(Data records)
---------------
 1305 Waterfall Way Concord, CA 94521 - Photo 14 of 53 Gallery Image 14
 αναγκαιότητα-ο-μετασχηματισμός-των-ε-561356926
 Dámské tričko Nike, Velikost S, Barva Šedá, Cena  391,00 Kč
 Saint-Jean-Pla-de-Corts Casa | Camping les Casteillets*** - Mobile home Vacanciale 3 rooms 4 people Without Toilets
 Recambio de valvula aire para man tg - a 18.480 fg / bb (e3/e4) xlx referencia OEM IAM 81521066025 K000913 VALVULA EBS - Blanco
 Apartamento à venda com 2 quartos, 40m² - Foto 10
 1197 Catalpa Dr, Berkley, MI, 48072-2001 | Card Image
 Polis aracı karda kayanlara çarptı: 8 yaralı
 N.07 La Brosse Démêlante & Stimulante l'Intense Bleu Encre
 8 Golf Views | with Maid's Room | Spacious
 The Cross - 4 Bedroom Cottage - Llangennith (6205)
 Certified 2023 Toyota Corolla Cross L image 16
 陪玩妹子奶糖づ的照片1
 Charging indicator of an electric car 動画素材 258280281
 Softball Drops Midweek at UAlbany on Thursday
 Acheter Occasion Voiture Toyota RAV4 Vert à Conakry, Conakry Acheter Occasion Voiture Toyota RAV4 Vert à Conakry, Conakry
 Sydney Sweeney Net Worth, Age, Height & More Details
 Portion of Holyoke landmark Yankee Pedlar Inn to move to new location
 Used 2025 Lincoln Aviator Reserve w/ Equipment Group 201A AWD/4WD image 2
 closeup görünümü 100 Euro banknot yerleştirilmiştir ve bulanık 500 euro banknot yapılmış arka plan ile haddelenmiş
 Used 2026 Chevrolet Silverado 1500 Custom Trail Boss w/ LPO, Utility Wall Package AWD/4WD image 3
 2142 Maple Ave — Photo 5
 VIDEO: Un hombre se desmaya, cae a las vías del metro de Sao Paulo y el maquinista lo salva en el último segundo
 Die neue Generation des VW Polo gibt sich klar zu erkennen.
---------------
WHAT YOU NEED TO DO: The output should consist only of the lines from the one with "VIDEO: Un hombre" through the final line of the records above, exactly.

WRITTEN SOLUTION:
 VIDEO: Un hombre se desmaya, cae a las vías del metro de Sao Paulo y el maquinista lo salva en el último segundo
 Die neue Generation des VW Polo gibt sich klar zu erkennen.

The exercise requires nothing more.